Ma c’è anche un’altra paura, ben più terrificante, diffusa nel villaggio sia tra i giovani sia tra gli anziani: quella degli uomini bianchi, chiamati “taubob”, che arrivano dall’altra parte della “Grande acqua” e rapiscono i ragazzi e le ragazze, gli uomini e le donne più giovani: li portano via, nella loro terra lontana, li incatenano e li rendono schiavi o addirittura li mangiano. Molti rapimenti si verificano nel corso di ogni pioggia (ad ogni anno) e solo in rarissimi casi i rapiti sono riusciti a liberarsi e a tornare. Ogni volta che qualcuno scompare dal villaggio, si svolge una cerimonia al suono del tam-tam: viene sgozzato un gallo bianco e se esso cade disteso sulla pancia c’è speranza di ritrovare lo scomparso, se invece l’uccello stramazza sul dorso con le zampe all’aria, il ragazzo o la ragazza scomparsi non torneranno mai più…

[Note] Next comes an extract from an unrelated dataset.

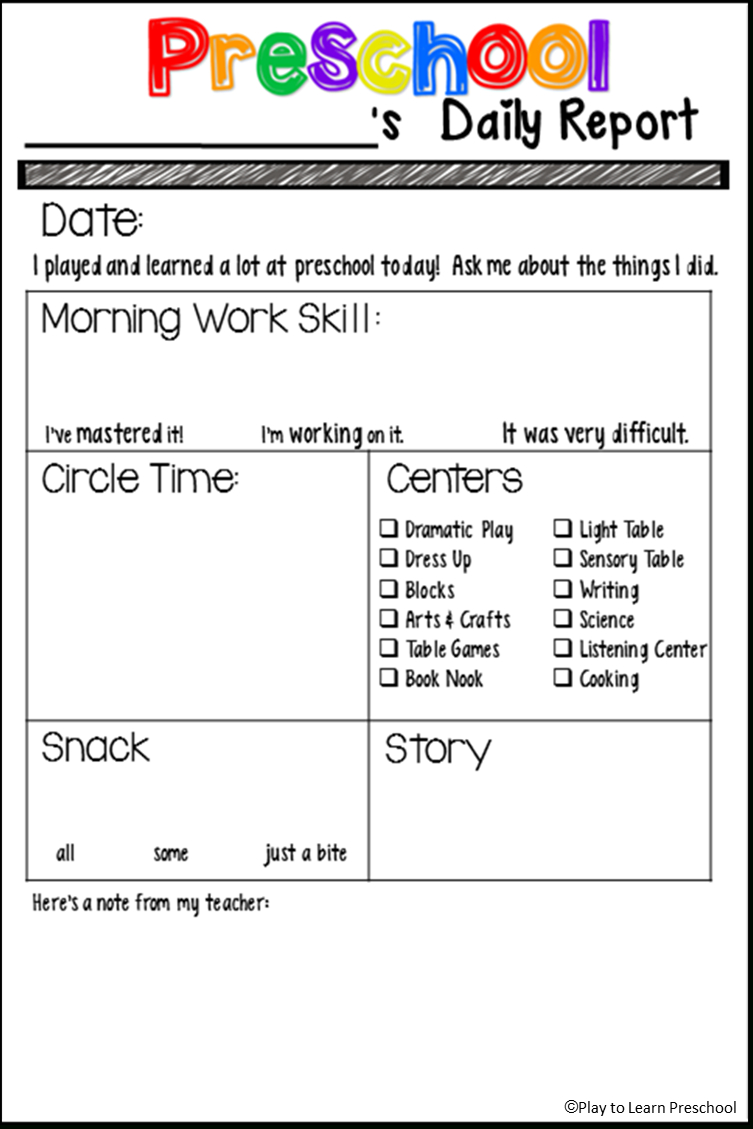 Printable Preschool Preschool Daily Report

Per questo gli anziani del villaggio non si stancano mai di raccomandare, soprattutto ai ragazzi più giovani, di non addentrarsi nella foresta da soli.
Kunta è un bambino buono, ma anche molto orgoglioso e testardo. Uno dei momenti più felici della sua infanzia è quando il padre Omoro lo porta con sé a fare un lungo viaggio attraverso la foresta, a visitare un altro villaggio, alla ricerca degli zii che tanti anni prima se ne sono andati da Juffure e hanno fondato una nuova tribù. Giorni e giorni di cammino, con i piedi insanguinati, con la paura delle pantere, dei serpenti e dei leopardi, ma col cuore pieno di orgoglio e soddisfazione per aver avuto l’onore di accompagnare il padre.

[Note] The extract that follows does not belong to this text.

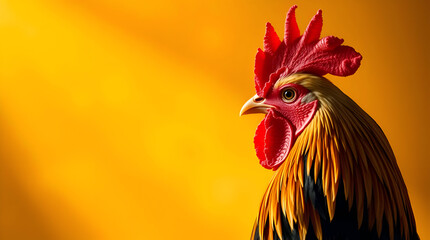 Modern Flat Design Rooster with Red Comb on Light Yellow — Elegant Minimalist Style, Generative AI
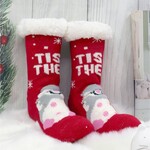 Christmas Winter Print Indoor Anti-Skid Slipper Socks (With Heel) Snowman Print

Giunto al “terzo kafo”, alla sua dodicesima pioggia, arrivano le tanto temute prove di virilità: Kunta, insieme ad altri suoi coetanei, una notte viene incappucciato dal padre, trascinato e portato da altri uomini nel luogo dove si svolge il duro addestramento dei ragazzi. Tornato al villaggio dopo quattro mesi, tutto cambia per lui: la madre lo tratta con rispetto (anche se un po’ lo prende in giro), il fratellino Lamin lo guarda come se fosse una specie di Dio in Terra, il padre gli parla come a un adulto e gli dona una capanna tutta per sé.
Passano ancora cinque piogge, Kunta è ormai un giovanotto dal fisico prestante, si dedica alla pastorizia, all’agricoltura e partecipa alla vita sociale del villaggio. Gli piace istruire il fratello minore Lamin e insegnargli, con un po’ di superbia, tutte le cose che ha imparato. Ha i primi turbamenti sessuali, anche se è ancora presto per prendere moglie: gli uomini della tribù dei Mandinka si sposano tra i ventisette e i trent’anni, lo donne tra i quattordici e i sedici.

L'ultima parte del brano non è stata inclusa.